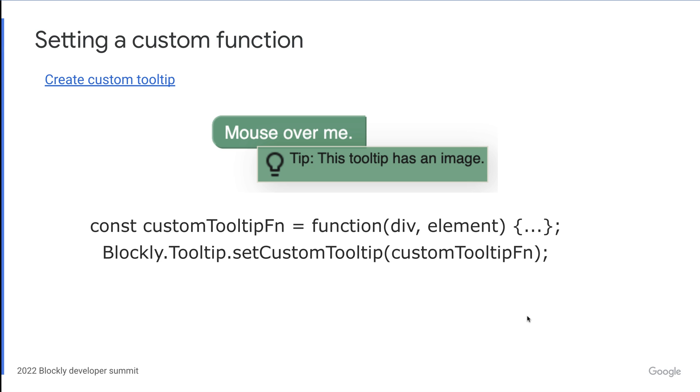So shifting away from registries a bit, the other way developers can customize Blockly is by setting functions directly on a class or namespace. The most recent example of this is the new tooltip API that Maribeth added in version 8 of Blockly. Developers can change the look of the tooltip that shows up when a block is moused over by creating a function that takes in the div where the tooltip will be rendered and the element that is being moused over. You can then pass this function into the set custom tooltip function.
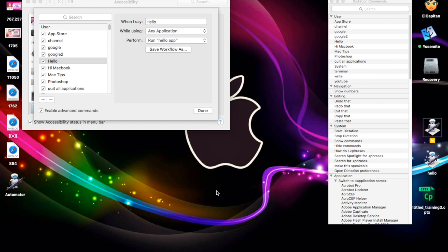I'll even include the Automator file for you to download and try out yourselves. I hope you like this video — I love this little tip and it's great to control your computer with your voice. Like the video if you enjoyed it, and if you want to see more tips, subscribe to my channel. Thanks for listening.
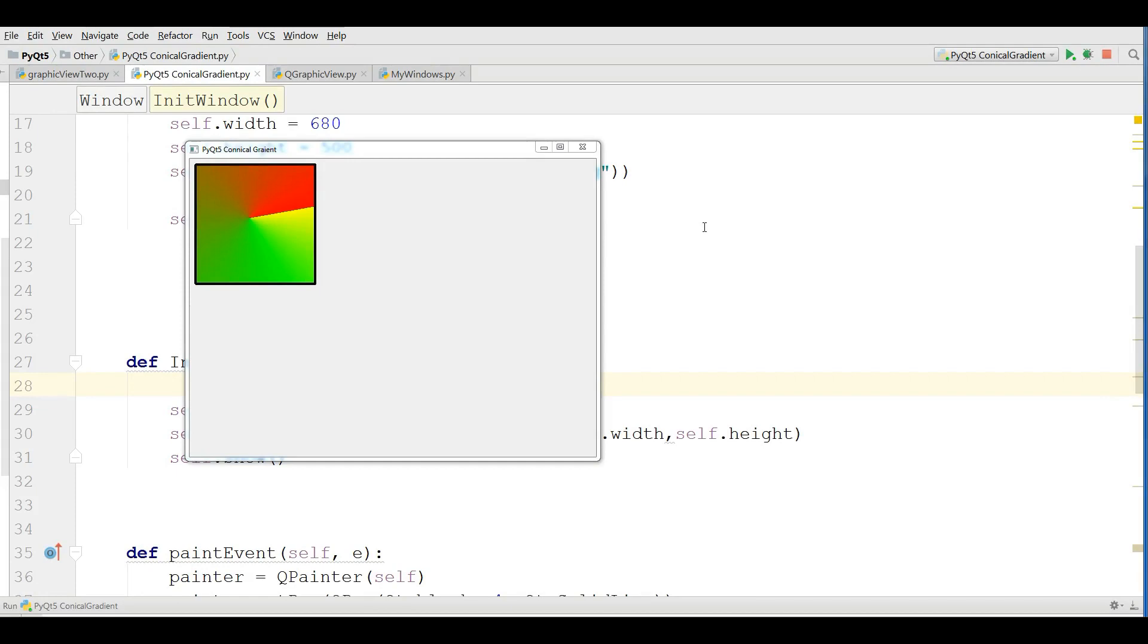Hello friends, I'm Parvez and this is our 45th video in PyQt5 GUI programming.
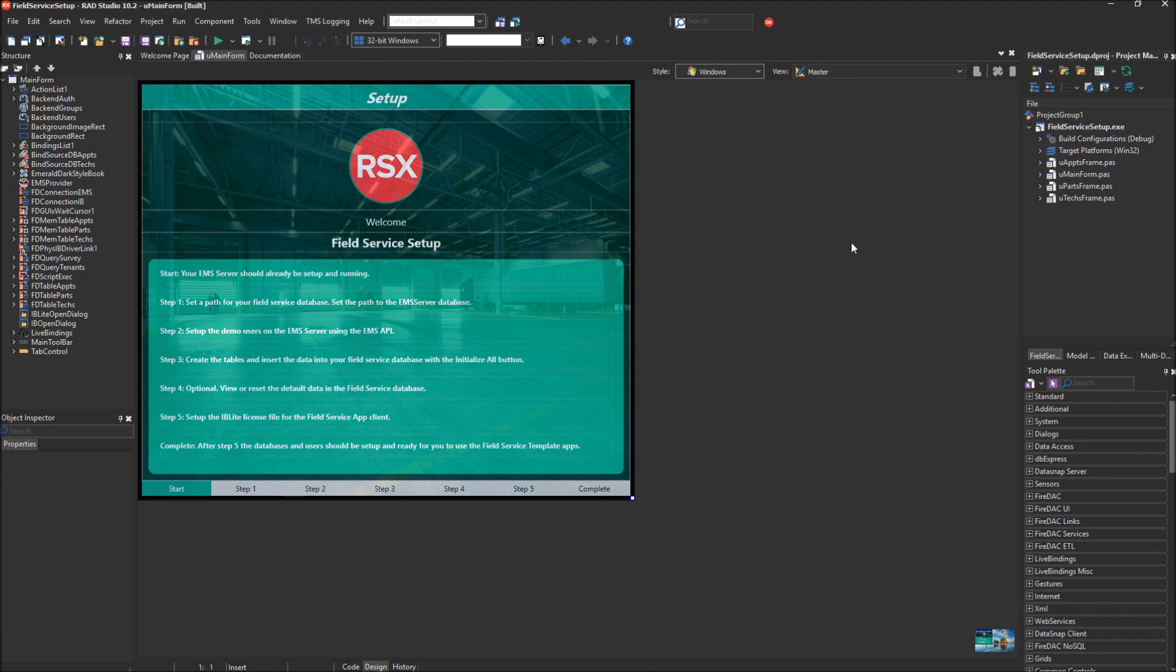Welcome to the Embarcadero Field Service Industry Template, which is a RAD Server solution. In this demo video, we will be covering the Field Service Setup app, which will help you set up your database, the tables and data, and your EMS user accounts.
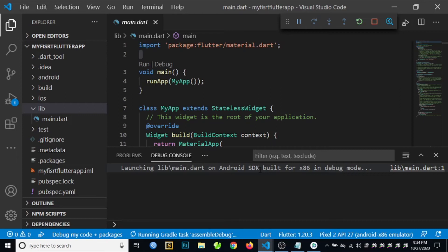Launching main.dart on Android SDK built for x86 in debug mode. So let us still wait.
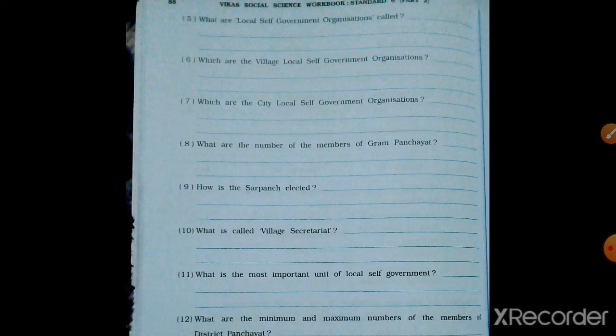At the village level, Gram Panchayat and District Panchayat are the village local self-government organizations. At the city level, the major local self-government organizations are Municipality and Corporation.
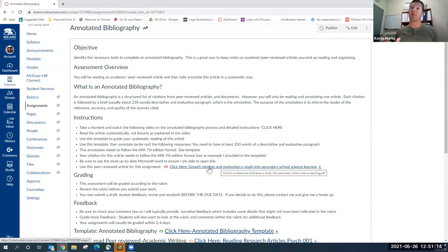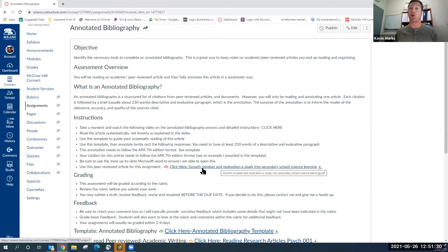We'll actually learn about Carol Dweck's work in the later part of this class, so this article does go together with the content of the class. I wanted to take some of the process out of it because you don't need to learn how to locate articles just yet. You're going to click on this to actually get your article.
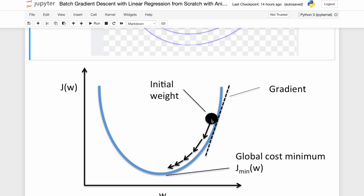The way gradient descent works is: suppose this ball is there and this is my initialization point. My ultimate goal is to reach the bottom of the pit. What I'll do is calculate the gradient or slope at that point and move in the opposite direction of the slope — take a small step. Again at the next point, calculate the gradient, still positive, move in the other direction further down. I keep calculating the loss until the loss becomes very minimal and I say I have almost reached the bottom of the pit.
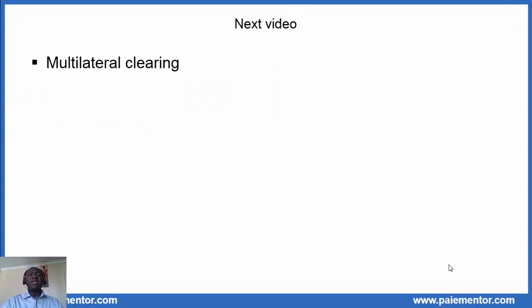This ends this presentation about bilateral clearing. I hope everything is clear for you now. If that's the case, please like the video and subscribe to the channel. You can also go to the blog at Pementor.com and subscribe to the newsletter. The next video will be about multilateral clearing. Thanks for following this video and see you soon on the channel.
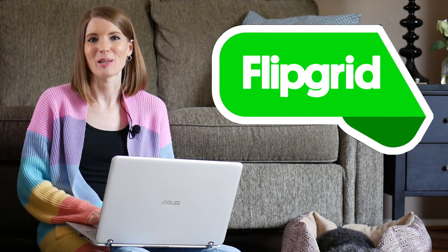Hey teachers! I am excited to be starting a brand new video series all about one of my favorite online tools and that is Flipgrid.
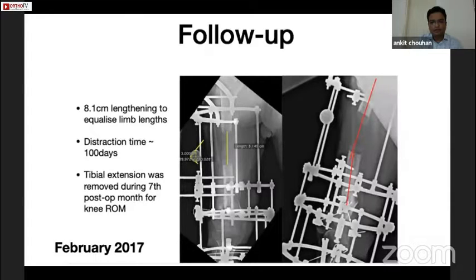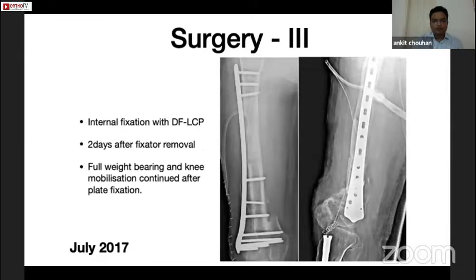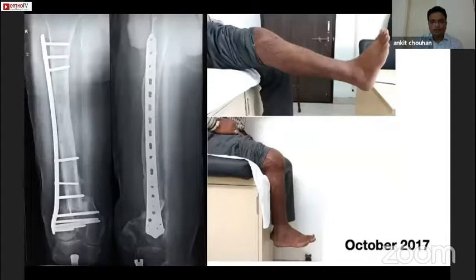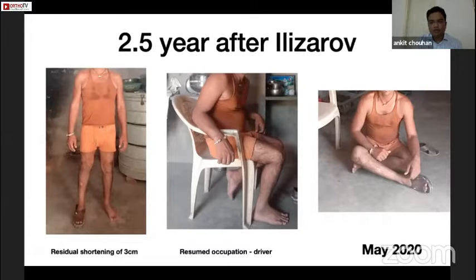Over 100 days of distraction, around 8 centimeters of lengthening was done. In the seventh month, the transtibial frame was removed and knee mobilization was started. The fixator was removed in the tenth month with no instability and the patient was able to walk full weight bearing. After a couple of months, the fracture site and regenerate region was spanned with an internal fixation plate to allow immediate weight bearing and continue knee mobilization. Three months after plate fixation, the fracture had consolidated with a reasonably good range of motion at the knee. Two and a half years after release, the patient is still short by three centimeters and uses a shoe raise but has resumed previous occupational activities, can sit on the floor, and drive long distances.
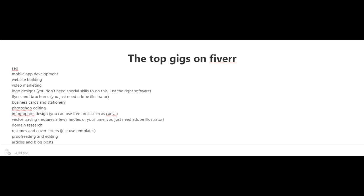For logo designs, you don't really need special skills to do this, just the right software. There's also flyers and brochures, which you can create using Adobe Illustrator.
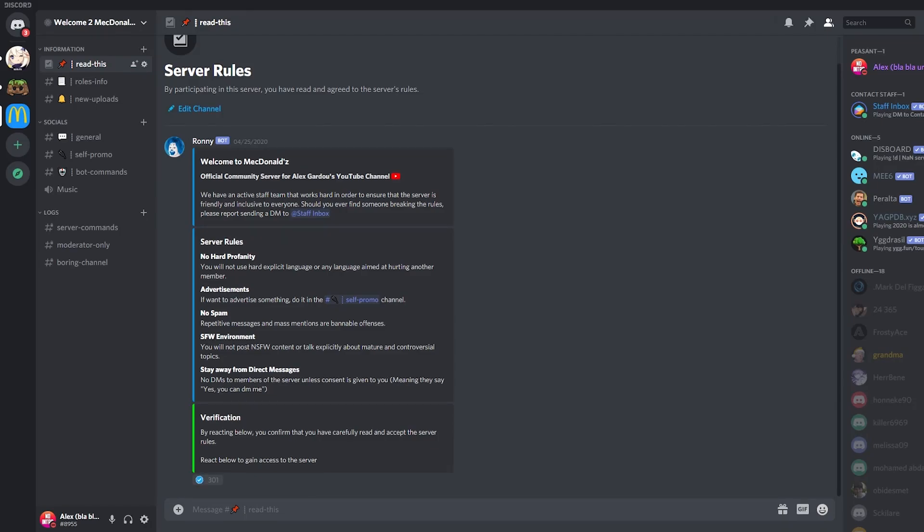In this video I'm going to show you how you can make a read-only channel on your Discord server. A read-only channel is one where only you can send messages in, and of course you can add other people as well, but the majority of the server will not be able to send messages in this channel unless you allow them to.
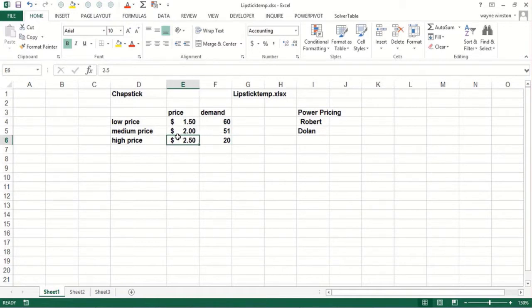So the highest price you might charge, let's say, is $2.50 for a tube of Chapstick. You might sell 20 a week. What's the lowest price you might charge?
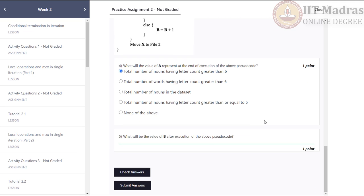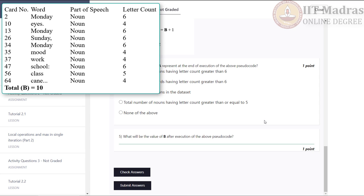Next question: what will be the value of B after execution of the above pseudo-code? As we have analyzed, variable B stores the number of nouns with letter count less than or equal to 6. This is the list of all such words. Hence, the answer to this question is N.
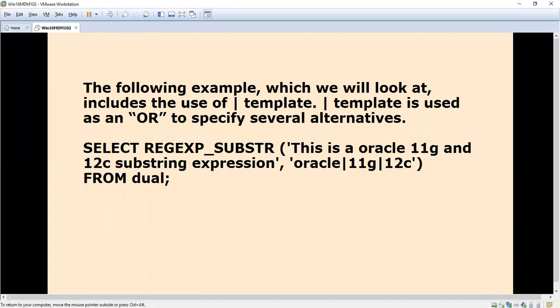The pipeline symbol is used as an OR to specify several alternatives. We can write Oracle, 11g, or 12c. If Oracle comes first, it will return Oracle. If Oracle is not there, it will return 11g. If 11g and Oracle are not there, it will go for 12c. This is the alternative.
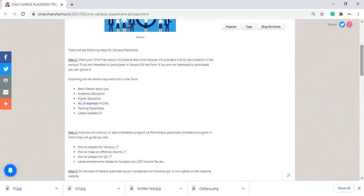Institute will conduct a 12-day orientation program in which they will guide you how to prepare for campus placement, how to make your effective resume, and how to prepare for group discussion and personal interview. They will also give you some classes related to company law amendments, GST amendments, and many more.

○ ○ ○ ○ ○

▶ Task goal
Set down every entry above verbatim, without pictures.

▶ Result of this exercise
So shifting away from registries a bit, the other way developers can customize Blockly is by setting functions directly on a class or namespace. The most recent example of this is the new tooltip API that Maribeth added in version 8 of Blockly. Developers can change the look of the tooltip that shows up when a block is moused over by creating a function that takes in the div where the tooltip will be rendered and the element that is being moused over. You can then pass this function into the set custom tooltip function.
I'll even include the Automator file for you to download and try out yourselves. I hope you like this video — I love this little tip and it's great to control your computer with your voice. Like the video if you enjoyed it, and if you want to see more tips, subscribe to my channel. Thanks for listening.
Hello friends, I'm Parvez and this is our 45th video in PyQt5 GUI programming.
Welcome to the Embarcadero Field Service Industry Template, which is a RAD Server solution. In this demo video, we will be covering the Field Service Setup app, which will help you set up your database, the tables and data, and your EMS user accounts.
Launching main.dart on Android SDK built for x86 in debug mode. So let us still wait.
At the village level, Gram Panchayat and District Panchayat are the village local self-government organizations. At the city level, the major local self-government organizations are Municipality and Corporation.
We'll actually learn about Carol Dweck's work in the later part of this class, so this article does go together with the content of the class. I wanted to take some of the process out of it because you don't need to learn how to locate articles just yet. You're going to click on this to actually get your article.
The way gradient descent works is: suppose this ball is there and this is my initialization point. My ultimate goal is to reach the bottom of the pit. What I'll do is calculate the gradient or slope at that point and move in the opposite direction of the slope — take a small step. Again at the next point, calculate the gradient, still positive, move in the other direction further down. I keep calculating the loss until the loss becomes very minimal and I say I have almost reached the bottom of the pit.
This ends this presentation about bilateral clearing. I hope everything is clear for you now. If that's the case, please like the video and subscribe to the channel. You can also go to the blog at Pementor.com and subscribe to the newsletter. The next video will be about multilateral clearing. Thanks for following this video and see you soon on the channel.
Hey teachers! I am excited to be starting a brand new video series all about one of my favorite online tools and that is Flipgrid.
Over 100 days of distraction, around 8 centimeters of lengthening was done. In the seventh month, the transtibial frame was removed and knee mobilization was started. The fixator was removed in the tenth month with no instability and the patient was able to walk full weight bearing. After a couple of months, the fracture site and regenerate region was spanned with an internal fixation plate to allow immediate weight bearing and continue knee mobilization. Three months after plate fixation, the fracture had consolidated with a reasonably good range of motion at the knee. Two and a half years after release, the patient is still short by three centimeters and uses a shoe raise but has resumed previous occupational activities, can sit on the floor, and drive long distances.
For logo designs, you don't really need special skills to do this, just the right software. There's also flyers and brochures, which you can create using Adobe Illustrator.
In this video I'm going to show you how you can make a read-only channel on your Discord server. A read-only channel is one where only you can send messages in, and of course you can add other people as well, but the majority of the server will not be able to send messages in this channel unless you allow them to.
So the highest price you might charge, let's say, is $2.50 for a tube of Chapstick. You might sell 20 a week. What's the lowest price you might charge?
Next question: what will be the value of B after execution of the above pseudo-code? As we have analyzed, variable B stores the number of nouns with letter count less than or equal to 6. This is the list of all such words. Hence, the answer to this question is N.
The pipeline symbol is used as an OR to specify several alternatives. We can write Oracle, 11g, or 12c. If Oracle comes first, it will return Oracle. If Oracle is not there, it will return 11g. If 11g and Oracle are not there, it will go for 12c. This is the alternative.
Institute will conduct a 12-day orientation program in which they will guide you how to prepare for campus placement, how to make your effective resume, and how to prepare for group discussion and personal interview. They will also give you some classes related to company law amendments, GST amendments, and many more.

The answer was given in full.